I hope the film carries these questions and ideas lightly by offering a narrative account of Nim’s life, focused on what he did and what was done to him. For better or worse, the film is not overly concerned with abstract ideas or indeed the scientific issues that frame the initial language experiment. The testimony of the scientists in the film is given no more weight than those others who became Nim’s friend and observed him close up for long periods of time.

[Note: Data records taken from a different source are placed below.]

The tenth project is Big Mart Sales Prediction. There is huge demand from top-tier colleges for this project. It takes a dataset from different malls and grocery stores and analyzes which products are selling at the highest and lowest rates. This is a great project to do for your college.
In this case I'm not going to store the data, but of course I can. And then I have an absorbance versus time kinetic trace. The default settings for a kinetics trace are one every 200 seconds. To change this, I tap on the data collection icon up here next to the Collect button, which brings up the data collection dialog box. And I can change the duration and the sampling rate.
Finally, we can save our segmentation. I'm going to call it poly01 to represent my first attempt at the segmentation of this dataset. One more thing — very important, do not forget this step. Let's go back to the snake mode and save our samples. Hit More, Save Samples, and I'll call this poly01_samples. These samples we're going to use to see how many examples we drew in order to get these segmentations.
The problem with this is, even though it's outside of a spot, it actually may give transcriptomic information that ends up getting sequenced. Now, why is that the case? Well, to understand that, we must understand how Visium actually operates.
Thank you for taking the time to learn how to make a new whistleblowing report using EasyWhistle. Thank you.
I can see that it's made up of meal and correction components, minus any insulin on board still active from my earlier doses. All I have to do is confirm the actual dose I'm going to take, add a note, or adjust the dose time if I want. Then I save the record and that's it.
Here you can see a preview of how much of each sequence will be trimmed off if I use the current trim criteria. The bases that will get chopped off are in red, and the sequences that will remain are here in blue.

If there’s a hero in the story beyond its chimp protagonist, it might be Bob Ingersoll the pot-smoking Grateful Dead fan whom the scientists disregarded. Bob didn’t need signs to communicate with Nim and didn’t really care about the language debate at all. Bob never forsook Nim and once they re-connected after many years apart, he trusts him enough to casually stick his hand into Nim’s mouth as they played. Nim just bites down on the hand with calculated gentleness when he is perfectly capable of biting it clean off. As Bob recalls, Nim’s favorite sign wasn’t a begging sign after all, it was the sign he invented and had always used the most with us: “play” and it meant “let’s play together.”

After I finished my work, I was still vexed about the propriety of the final statement we hear in the film which posits the idea that chimps have a capacity, and indeed an instinct, for forgiveness. I didn’t want to insult Nim with another misleading human projection after so many others had negatively impacted his life. But I realized that the film had already discovered many examples of Nim’s forgiving nature and the person offering the statement, a research vet who by his own admission had caused much suffering and pain to chimpanzees in the name of science, seems well-qualified to know. At this point in the story, he’s also the most in need of — and deserving — of the animal’s grace.